_Source records_:

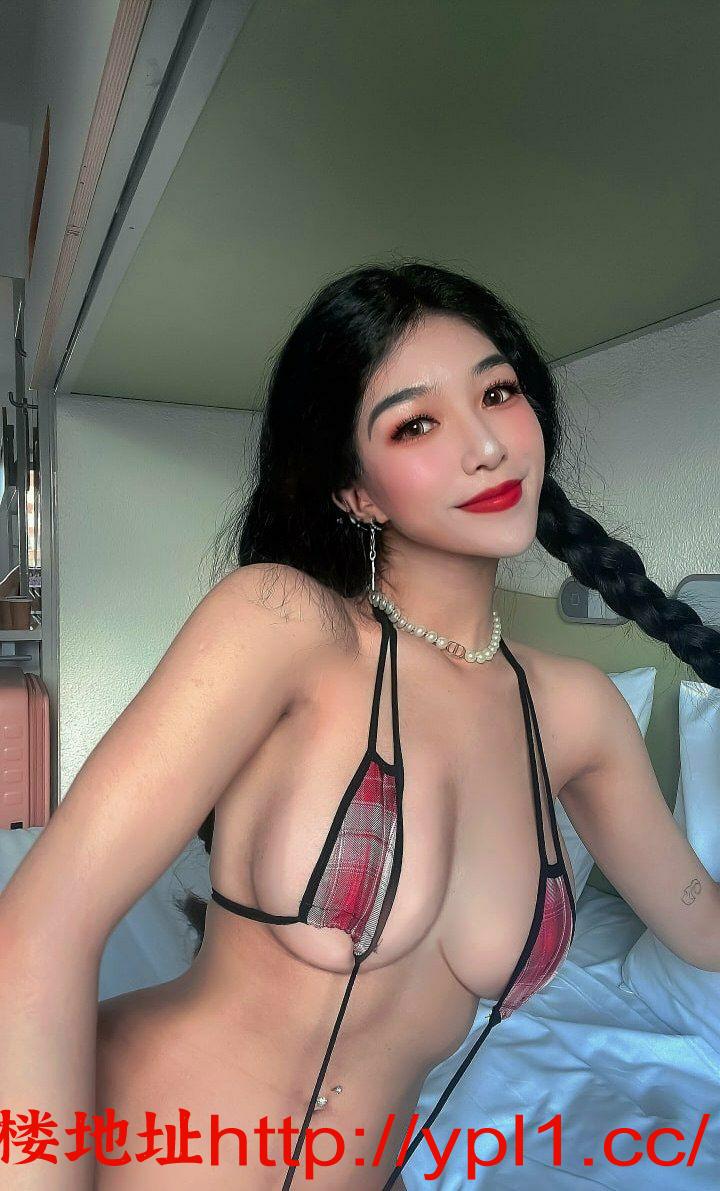 细腰长腿大胸妹（已验真人）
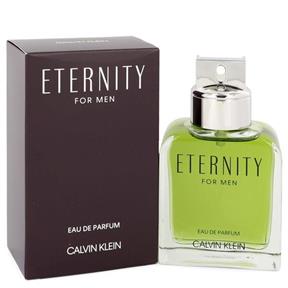 CALVIN KLEIN Eternity For Men 30 ml parfumovaná voda pre mužov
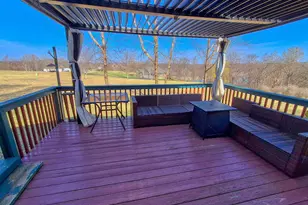 17-199R Lake Carroll Blvd, Lake Carroll, IL 61046 - Photo 8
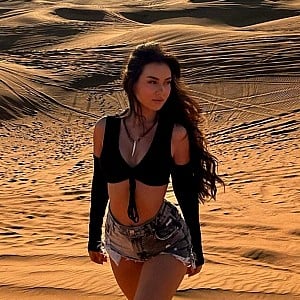 Doina Barbaneagra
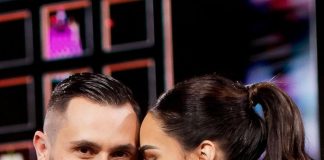 “I lashë Xhensilës roje tek shkolla”, pas kaq vitesh Bes Kallaku rrëfen sekretin e tij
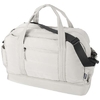 Puffer GRS recycelte Reisetasche mit isoliertem Boden 30L EXPRESS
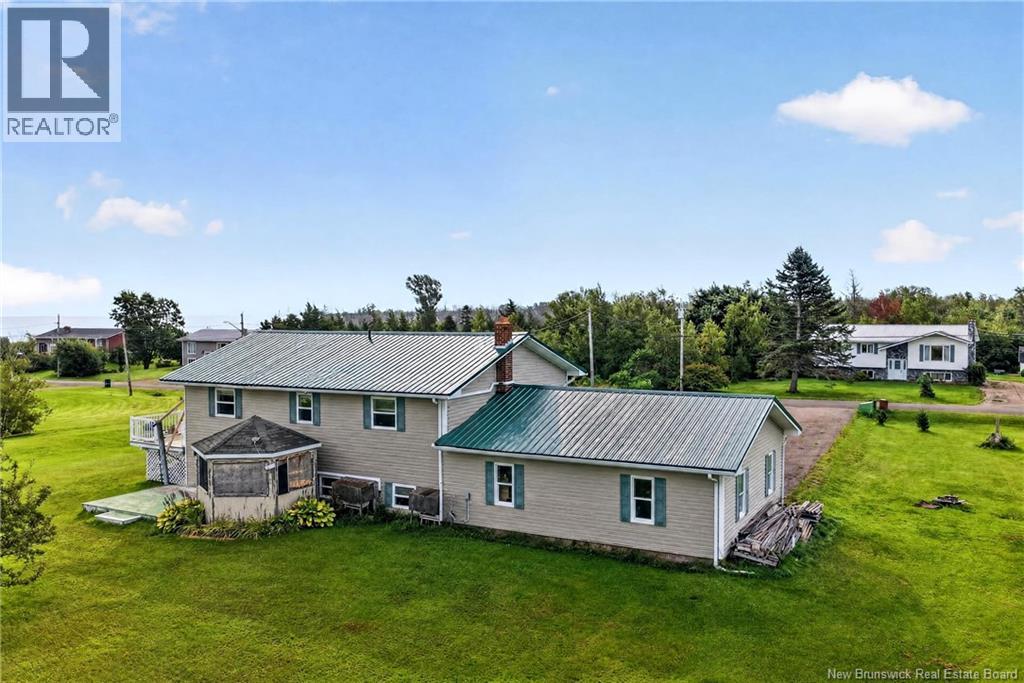31 Brun Street - 3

_Directions_: Once you find the line that contains "CALVIN KLEIN Eternity", give it again along with every later line through the end of the data, word for word, minus the pictures.

_Written reply_:
 CALVIN KLEIN Eternity For Men 30 ml parfumovaná voda pre mužov
 17-199R Lake Carroll Blvd, Lake Carroll, IL 61046 - Photo 8
 Doina Barbaneagra
 “I lashë Xhensilës roje tek shkolla”, pas kaq vitesh Bes Kallaku rrëfen sekretin e tij
 Puffer GRS recycelte Reisetasche mit isoliertem Boden 30L EXPRESS
31 Brun Street - 3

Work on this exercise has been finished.